Extracted data:
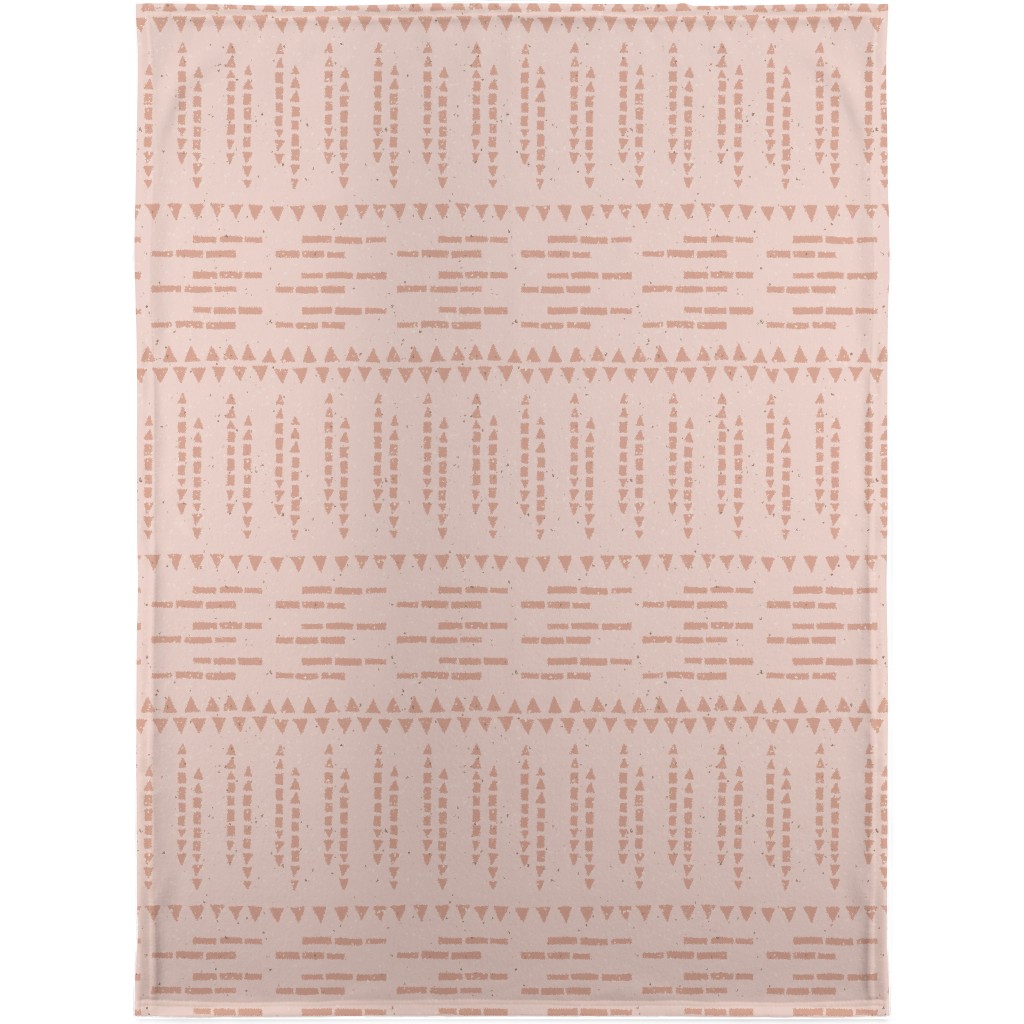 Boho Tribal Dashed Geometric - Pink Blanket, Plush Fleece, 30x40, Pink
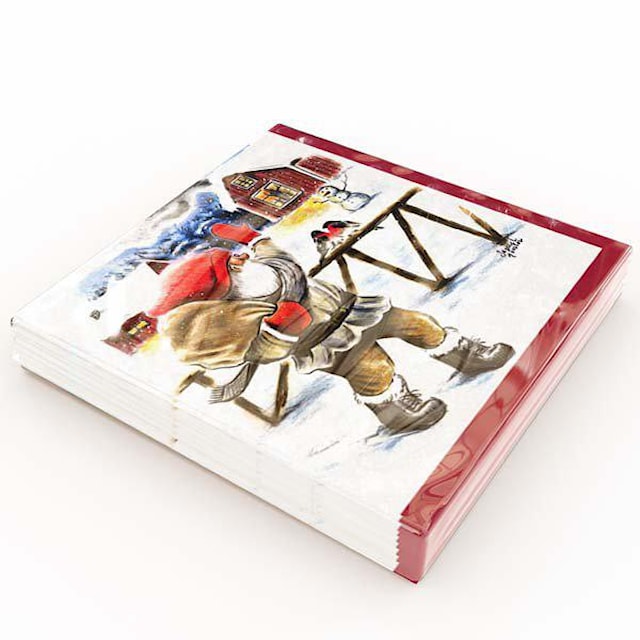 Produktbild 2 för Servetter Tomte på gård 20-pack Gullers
==
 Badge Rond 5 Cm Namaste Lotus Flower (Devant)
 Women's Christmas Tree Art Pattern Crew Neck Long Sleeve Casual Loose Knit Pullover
==
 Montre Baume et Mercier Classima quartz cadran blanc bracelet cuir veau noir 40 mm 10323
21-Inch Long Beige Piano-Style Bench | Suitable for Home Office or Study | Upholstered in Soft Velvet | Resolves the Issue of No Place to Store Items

Directions:
Over the whole listing above, give the number of lines in which "Long" occurs, and no other words.

Reply:
2